A government’s credibility depends on the consistency and integrity of its financial reporting. When budget claims do not reflect citizens’ lived experience w,hen revenue growth is declared amid shrinking opportunities, when expenditure priorities overlook essential needs, the public is not wrong to question the narrative. A proclaimed 16% increase within a contracting fiscal envelope is not economic progress; it is statistical gymnastics designed to cushion political discomfort.

For a region like Puntland, long regarded as a standard-bearer of relative stability and administrative maturity in Somalia, such distortions carry consequences beyond a single budget cycle. They undermine institutional credibility, weaken public confidence, and cast doubt on the integrity of broader governance processes.

So, what can be done?

First, citizens must recognize the value of fiscal literacy. Understanding public budgets is not the domain of experts alone; it is an essential civic responsibility. Comparing year-to-year allocations, scrutinizing revenue assumptions, and questioning discrepancies strengthens public accountability.

Second, the media must reclaim its role as an independent watchdog.
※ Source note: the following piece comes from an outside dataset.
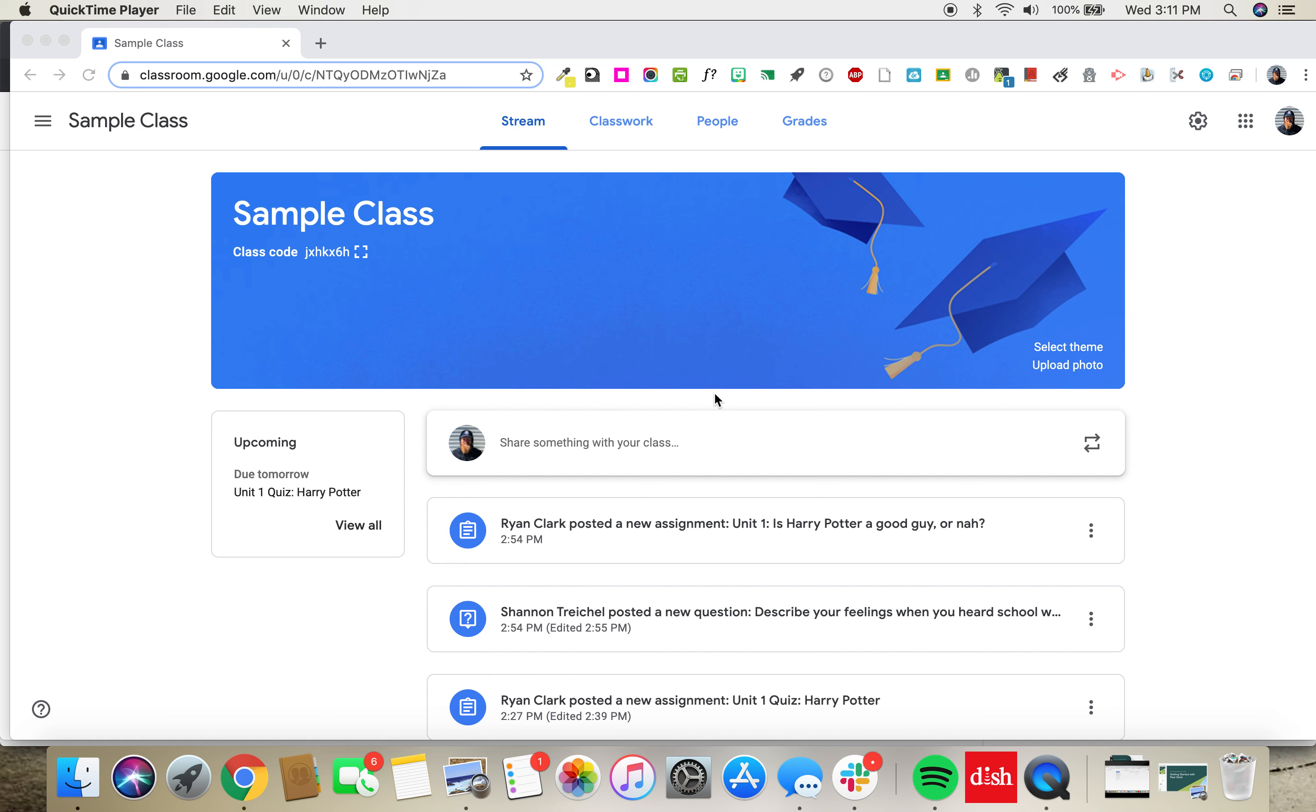Keeping track of work across multiple classes can be difficult. Luckily, Google has created a tool to help us out. It's called the To Do page.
Investigative reporting, data-based commentary, and rigorous analysis are essential in a context where political messaging often overshadows factual accuracy.

Third, political leaders must be held to administrative standards that reflect the responsibilities of public office. Public funds are not political assets; they are collective resources that demand transparent management and honest communication.

Finally, Puntland’s citizens must not accept governance by narrative. A functioning democracy requires active participation, questioning, challenging, and insisting that public officials justify the numbers they present and the policies they pursue.

The approval of the 2026 budget is more than a numerical discrepancy; it reveals a deeper pattern of misrepresentation that compromises public trust. Puntland deserves better. It deserves responsible budgeting grounded in economic reality, not political convenience. It deserves leaders who see citizens not as bystanders, but as partners in governance whose welfare must guide every fiscal decision.

Honesty is not optional. Transparency is not a favor. Accountability is not negotiable. If Puntland is to progress, its people must demand nothing less.